夏の思い出は人それぞれだと思うが、自分自身のことを振り返ると「急に独立することになった」9年前の夏を振り返ってしまう。
確かお盆明け、事務所に行くと突然社長から「9月末でここの事務所を閉じるから、親会社に戻るか独立するか決めなさい」といわれたのだ。
これぞ青天の霹靂というべきか、あまりにも急な展開で驚いた。
「あと1カ月しかないじゃん・・・」
困惑しなかったといえばうそになる。
いや、困惑をとおりこして混乱したというのが正直なところかもしれない。
だからこそ、強烈な記憶としていまでも脳裏に刻まれているんだと思う。
その後、どういう経緯だかは忘れてしまったが、会社の顧問が面談することととなった。
顧問の方は自動車業界に携わる人であれば誰でも知っているであろう、Y社の副社長まで勤め上げたキレ者という印象があった。
単に副社長まで出世したからという話ではない。
洞察力に優れた方という印象が強かったのだ。
で、キレ者の顧問と面接することになった。
事務所を閉じることになった経緯をひととおり聞いたあと、「親会社に戻るか独立するか」のファイナルアンサーを求められた。
そのときなぜか「独立します」と答えてしまったのだ。
なぜそう答えたのか自分でも分からない。
せっかくの機会だからやってみようと思ってしまったのだ。
当時は独身で、誰にも迷惑を掛けるわけではないことも大きな理由だった。
しかし、小さな事務所だったので、9月末までにリース品を返却したり、不要な什器を処分してもらう手配など・・・。
社長と手分けをしてでもやることは山のようにあった。
そんなことをしているうちに9月末を迎えてしまったのである。
一応、開業届を出し、銀行口座を開設したりはしたが独立したときに「今後ともよろしくお願い申し上げます」的なハガキやメールでの案内や、挨拶回りなども一切やっていなかった。
いま思えばどんだけ呑気だったのだろう。
そして9月30日。
人が4,5人も入れば満杯になる狭い事務所も、撤収が完了したがらんとした状態であれば広く見えるから不思議なものだ。
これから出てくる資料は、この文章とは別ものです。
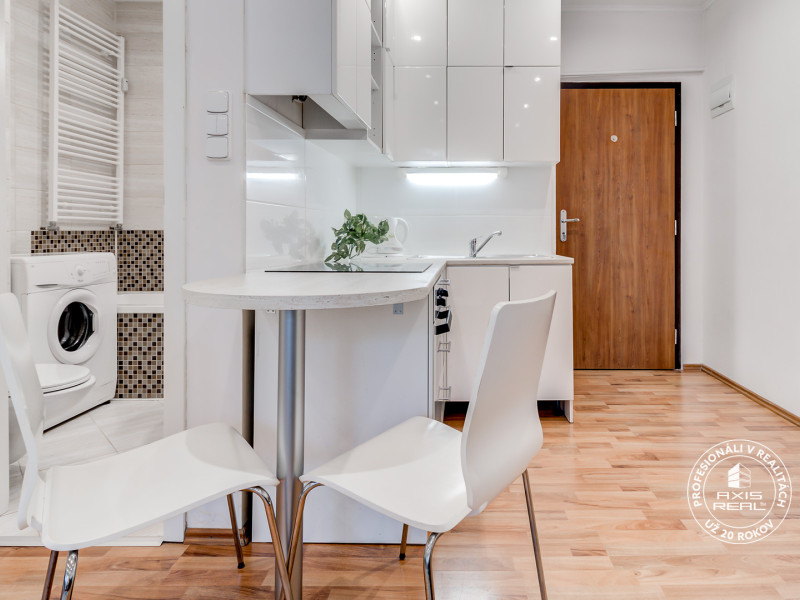  Pekná štýlová garsónka, PIVNICA, BA I SM, Slávičie údolie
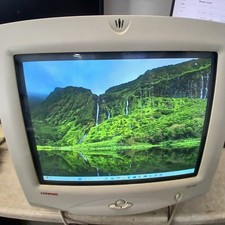 Compaq Presario Mv520 15 in Color VGA CRT Monitor Retro Compaq Presario Mv520 15 in Color VGA CRT Monitor Retro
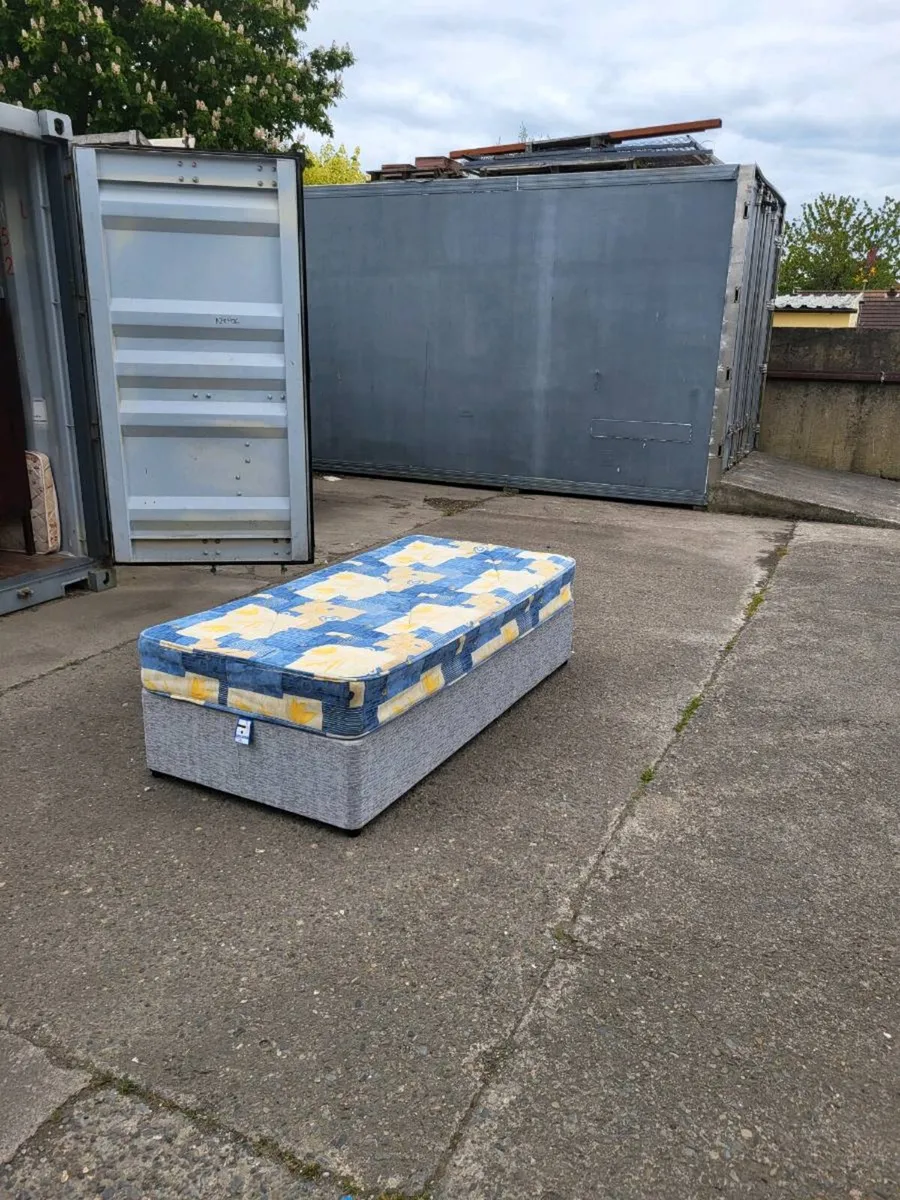 Single Bed - Image 4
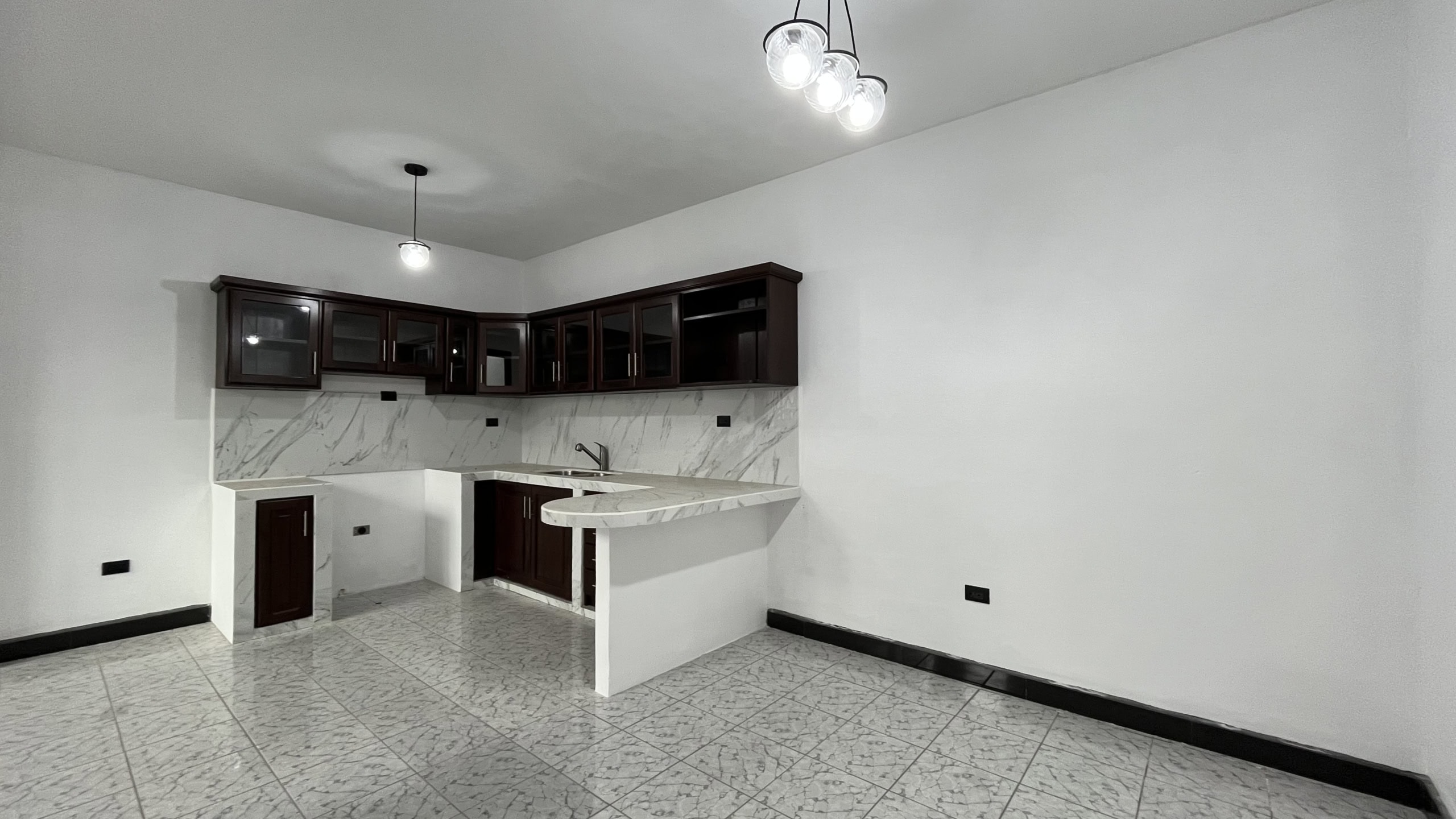 CASA DE 3 HABITACIONES EN RENTA EN HACIENDA SAN JUAN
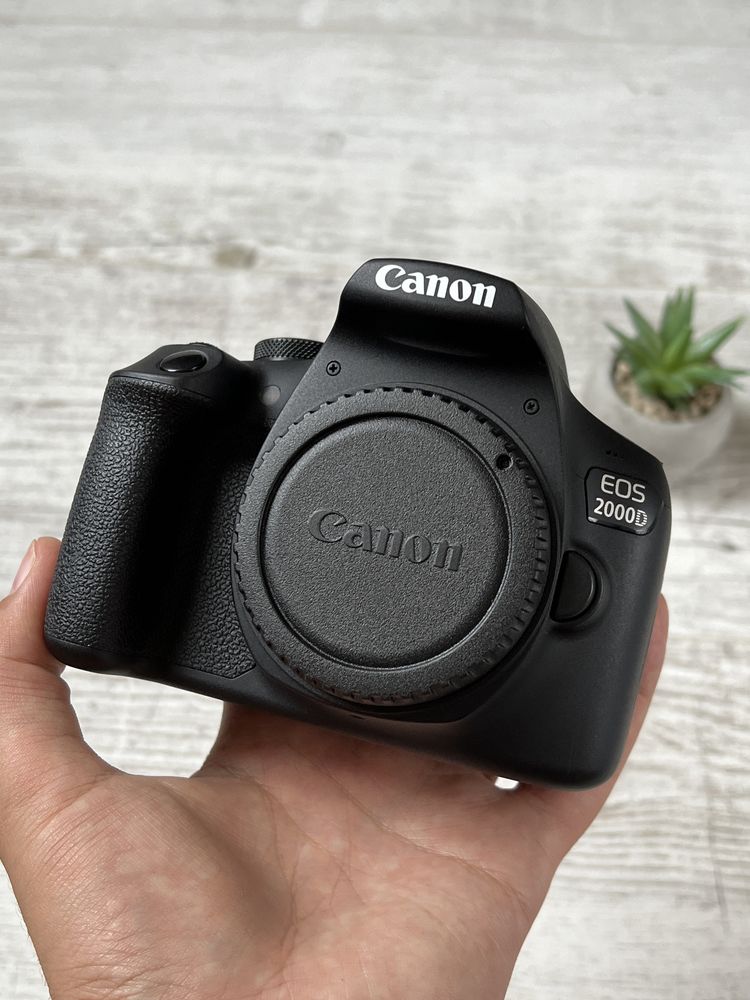 Canon 2000D новый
この日で最後となる事務所の電気を消し、扉の鍵を閉めた瞬間から「自由の身」となった。
明日からはここには来なくていい。
何時に寝ようが、何時に起きようが自由だ。
とりあえず、電車に揺られていつものように帰宅した。
だいぶ自宅まで近づいてきたとき、昔の職場の同僚がこちらの事情を察して「いまから飲まない?」とメールをくれた。
ここからだとずいぶん引き返すことになるが、明日は早起きをしなくていいし、何だかこのまま帰宅しても・・・という気分だったので、上りの電車に飛び乗った。
で、ここぞとばかりに飲んだんである。
それも終電近くまで。
明日からは早起きして通勤電車に揺られなくていいからではない。
少しでもこれから先の不安を紛らわせたかったんだと思う。
泥酔状態で帰宅して、それでもなんとかシャワーを浴びて横になったんだと思う。
翌朝、朝ドラを観ながら「これからどうしよう・・・」と不安でならなかった。
なにしろ、収入の宛てがほとんどないのだ。
フリーランスといえば聞こえはいいが、仕事がなければニートと紙一重だ。
今日からは「食い扶持は自分で見つけてこなければならない」という、重い現実がのし掛かってきた。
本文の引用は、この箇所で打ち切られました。